The size of the book makes it look very intimidating, but lots of pages are the pictures that tell Ella’s story. I’d give it to any kid who liked Doll Bones or The Graveyard Book, or is looking to move on from the gotcha endings of the Goosebumps books I read long ago.

Gotham City’s Police Are Under Attack

Gotham Central Book 1 by Ed Brubaker, Greg Rucka, and Michael Lark. DC Comics, 2011. 9781401220372. 240pp. Contains Gotham Central #1 – #10.

Gene: Brubaker and Rucka are two of the best crime writers working in comics. They’ve both written superhero series as well. Rucka writes novels, too, mostly thrillers — I’m a huge fan. They did this series together back in 2004, and there are 4 or 5 books, about the regular cops in Gotham City (the place where Batman fights crime) having to deal with a world filled with super-powered villains.
What I remember most from the series is the first story. It’s either because it was first or it’s the best or both. Two detectives are investigating a kidnapping, and when they knock on the door, they accidentally find Mr. Freeze, the villain in a cryo-suit who also has freeze weapons. And Freeze freezes one cop solid and just kills him. It’s horrifying. But it shows how terrible this guy would be to normal people, in this world. He doesn’t kill the second cop because he wants him to suffer. Look, here’s the cop who survived. He’s got frostbite on his hands because they were frozen to his gun. And his partner was shattered after he was frozen. (We didn’t see that happen.)
Detectives Allen and Latoya are assigned to the case. And they have to interview the cop and hang out at the morgue. The survivor doesn’t want them to call Batman for help. He wants the cops to solve the case, because if they call Batman, it’s like giving up.
Sarah: I love that kind of story.
G: And then they find another guy murdered, frozen from the inside out.
Schwartzenegger played Mr. Freeze in the third Batman movie, and it was kind of silly instead of scary, very colorful. This is the opposite. The horror of what Freeze can do is laid bare as part of a police procedural.
S: Yeah.
G: The other book I’d compare it to is Bendis and Avon-Oeming’s Powers series, about detectives who investigate crimes committed by those with super-powers in a world where powers are outlawed. (I love this series so much, too.)
S: This seems even better to me.
G: It’s got a darker tone. It’s grittier.
And look, here when the detectives finally do call Batman, he’s just a shadow.
S: This book really looks good to me.
G: I hoped you’d like it because you’ve been reading so many mysteries. I was trying to figure out what books in my permanent collection you’d enjoy. I spent a bit of my weekend trying to convince my nephew, who was visiting from Davis, California, to read this, and I failed. So I’ve been trying to come up with a better pitch for next time he visits.
S: I always like those post-modern looks at superheroes. I really enjoyed The Regional Office Is Under Attack.
G: You want to borrow this?
S: Yeah!
G: Success.

i am not okay with summers

i am not okay with this by Charles Forsman. Fantagraphics, 2017. 9781683960621. 182pp.

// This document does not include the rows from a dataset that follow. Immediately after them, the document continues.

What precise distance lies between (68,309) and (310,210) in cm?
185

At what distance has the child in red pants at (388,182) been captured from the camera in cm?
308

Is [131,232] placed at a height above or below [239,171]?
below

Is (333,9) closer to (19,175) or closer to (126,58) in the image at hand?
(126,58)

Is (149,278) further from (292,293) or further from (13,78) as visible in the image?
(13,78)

“Dear Diary, Go Fuck Yourself.”

Sydney’s best friend Dina is a senior. Her boyfriend Brad is an a-hole who calls Sydney a “lesbo” (she’s bi, but Brad isn’t the type of douchebag who gets subtlety). After the perpetually horny Sydney kisses Dina on the cheek, they’re on the outs. Sydney spends some time missing her dead, pot-head dad, and hanging out with a guy named Stan, his stoner friends, and a hot woman named Ryan who works at a mini mart. Sexual activity, drug use, physical violence, and more follows. Oh, and Sydney uses her superpower, making other people’s heads (mostly Brad’s) hurt.

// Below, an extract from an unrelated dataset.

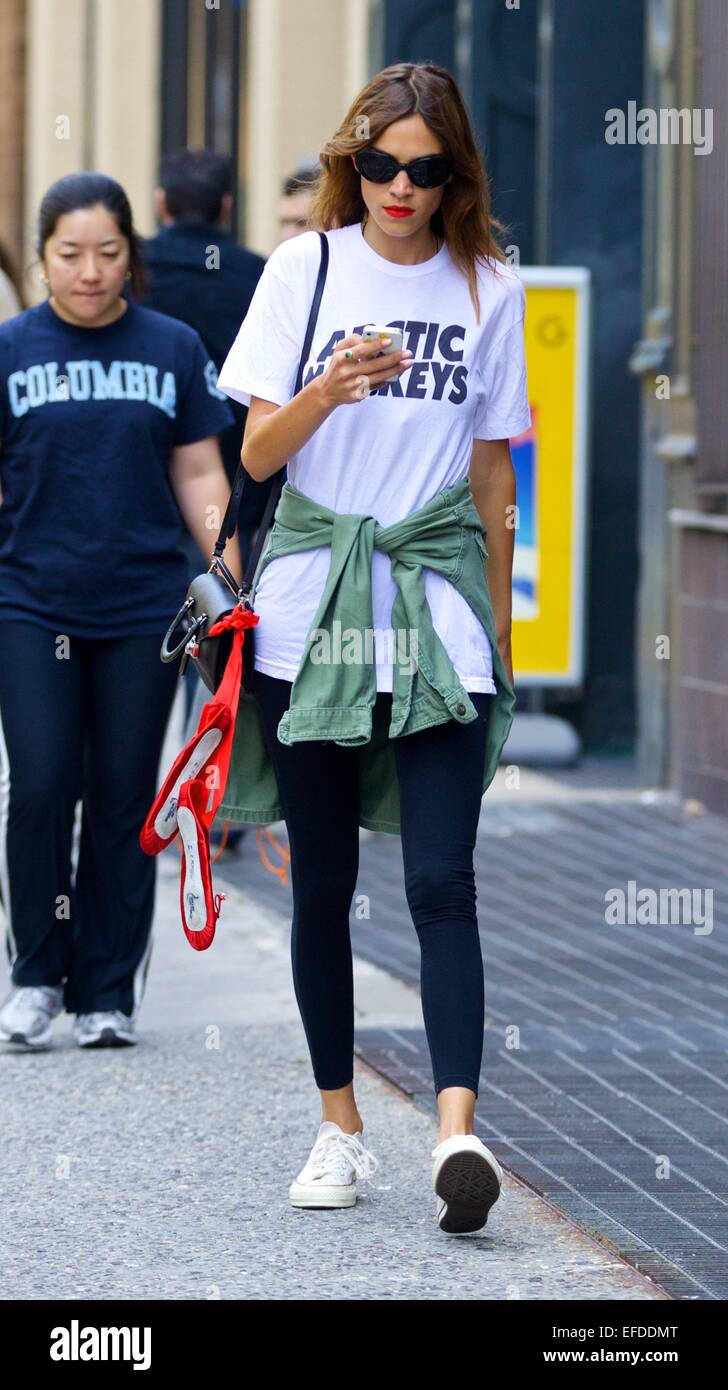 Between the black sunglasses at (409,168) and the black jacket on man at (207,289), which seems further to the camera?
the black jacket on man at (207,289)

It’s not a happy story, or an entirely realistic one, but I can tell you as the father of a 15-year-old who just spent every Saturday of a long high school wrestling season listening to teens at tournaments, everything about Sydney rang true.

Celebrated Summer by Charles Forsman. Fantagraphics, 2013. 781606996850. 67pp.

Just after graduating from high school, Mike and Wolf take acid and go for a walk in the woods. Neither feels much. They spontaneously decide to drive to the beach. Wolf can’t piss, and loses himself in a gas station restroom mirror. Buildings seem to dance by the side of the road. Mike worries that he needs to call his grandmother, who he lives with. In two brilliant, introspective, image-less pages, we enter Wolf’s mind and see what he really worries about and why he’s so awkward. In a longer, wordless sequence, Wolf plays video games in an arcade while he’s tripping. (In fact he’s so high that pixelated graphics become higher-res visual patterns.)

These graphic novels unfold in a straightforward, skillful way that’s easy to follow. They’re true blends of text and images — neither seems to be vying for attention most of the time, though text becomes the focus of some pages, and the images of others. Forsman’s strength is that he has absolute control over this balance. Plus, you know, he can see into the minds of socially awkward high teenagers, a type of telepathy that must be an exceedingly annoying superpower.

Its structural perfection is matched only by its hostility.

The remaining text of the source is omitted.